The Cabin in the Woods is very gruesome, so fans of the gore will be most pleased (and normal people somewhat unsettled). It also plays a lot with humour by having a comic relief in the gang, even if by times it felt a little over-played. The blend of humour and gore was mostly satisfying and reminiscent of Sam Raimi’s work over the years on the genre.
The atmosphere of The Cabin in the Woods was mostly successful by its play on off-cue music and the intensity of the score on key points. Very climatic on most parts thanks to visual/sound synchronicity and the on how it played with the dualism of every situation.

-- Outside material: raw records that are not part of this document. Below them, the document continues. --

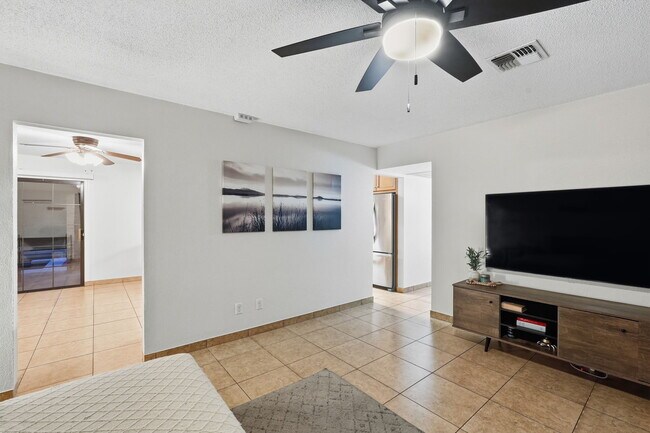 Building Photo - 8021 E Oak St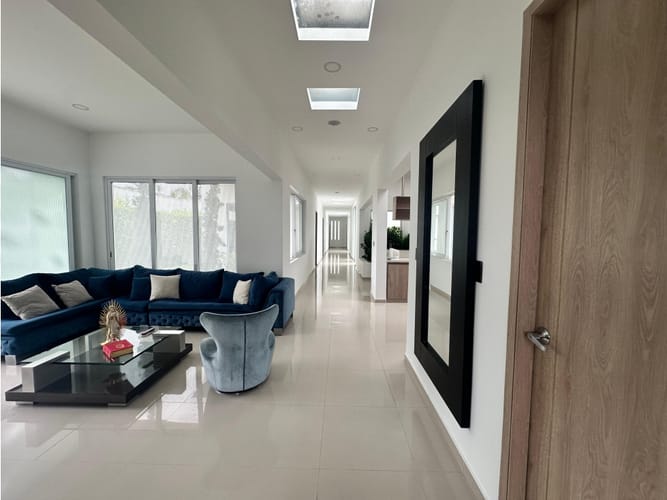 Casa de 4 alcobas en venta en Apiay, Villavicencio, 537 m² · foto 2 de 24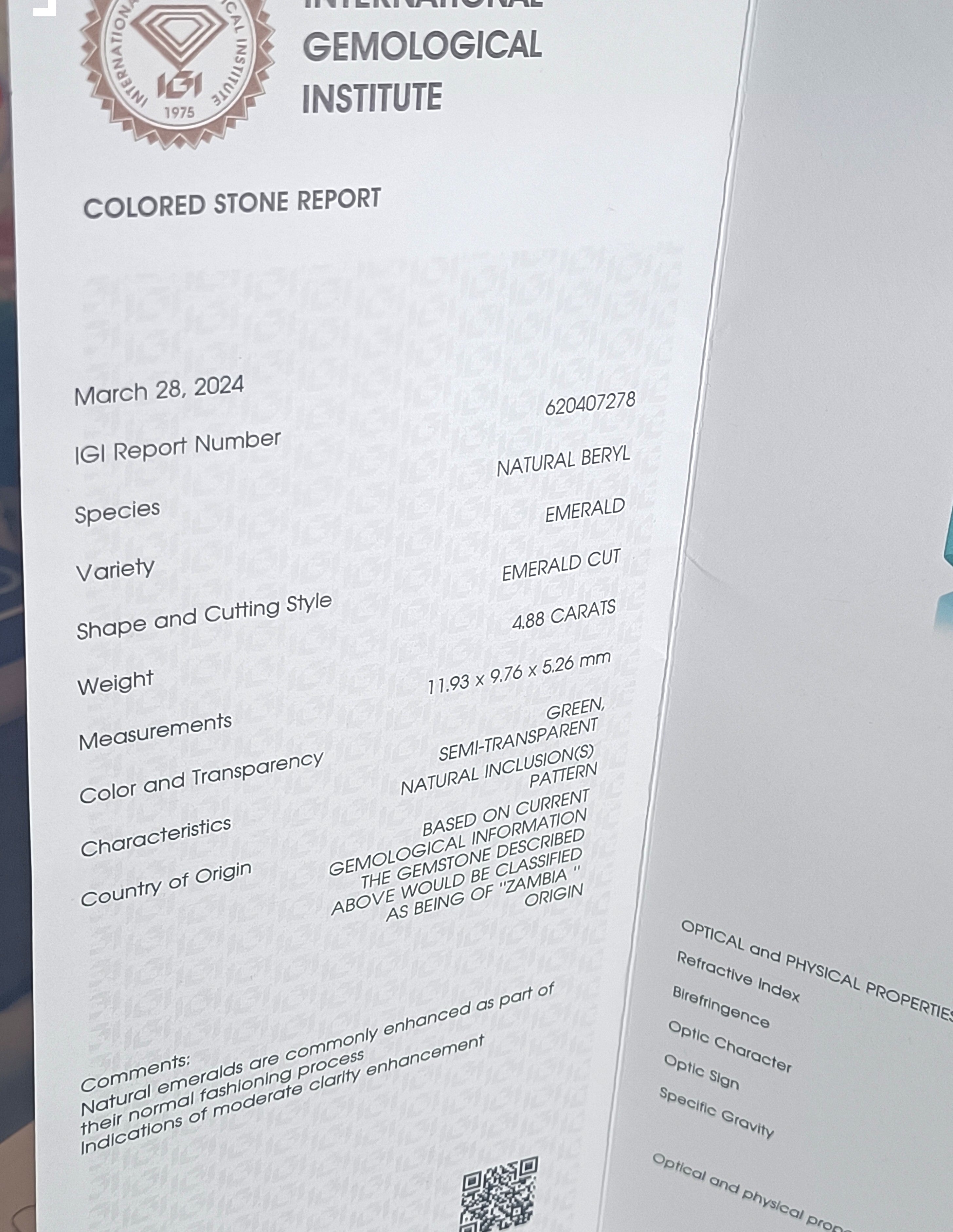 SMERALDO NATURALE SEMI TRASPARENT 4,88 KT CERTIFICATO I.G.I
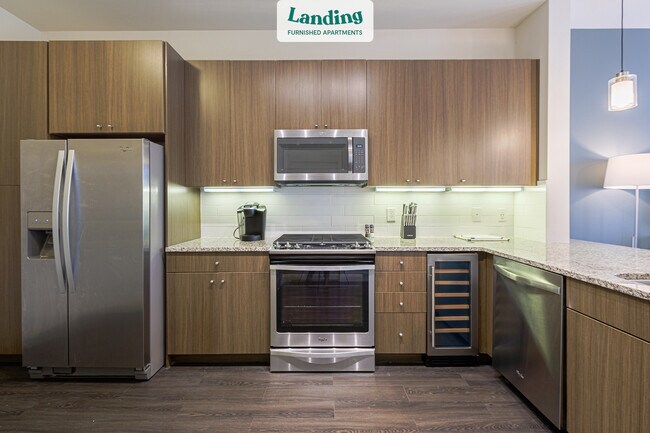 Building Photo - 110 W CityLine Dr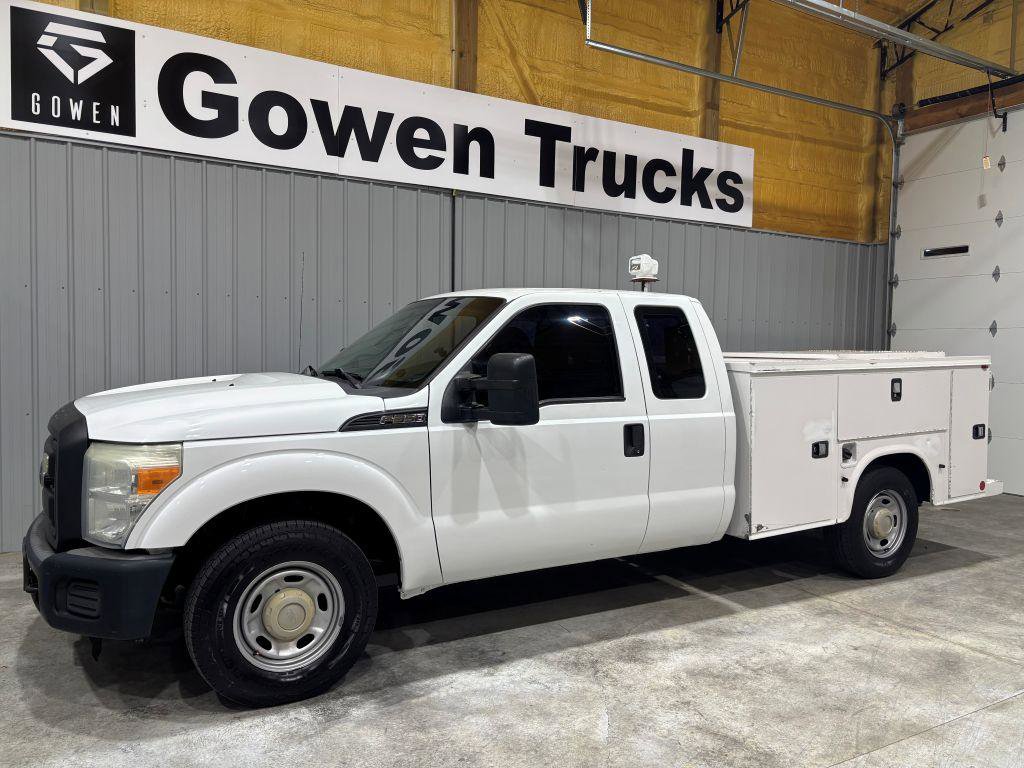 Used 2015 Ford F350 XL image 4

The only negative remark that weighted its sympathy towards what the story was trying to accomplish was that The Cabin in the Woods let people in on the “secret” way too early on. The whole reason why this movie’s plot line is so “hush-hush” felt disrupted too soon and gave no fun on trying to figure out on how they got there. Playing more with that aspect would’ve definitely made its concept much more interesting for much longer. Also, a notable mention that Brian White’s character was sadly misused and uplifted for no good reason. In the end, his role just fell flat and didn’t help justifying the intricacy the starting point of the movie offered.
The Cabin in the Woods is definitely a worthwhile experience supported by an intelligent script and interesting approach to the horror/thriller/comedy genre. It has its some falling-short points here and there, but it tends to have more perks for the end result. The ending is arguably what will determine your love or hate for The Cabin in the Woods, and of course the appreciation of trying to do something new and always surprise the audience will always add a plus.
The Cabin in the Woods is a new, fresh and smart experience where horror meets quirky comedy and gruesome violence for the viewer’s benefits. The movie’s short-comings will not necessarily ruin your experience, and the good ones easily overcompensate for it. Whether it’s a movie for you or not, The Cabin in the Woods will make sure to debate the movie’s plot-line with your friends for a while.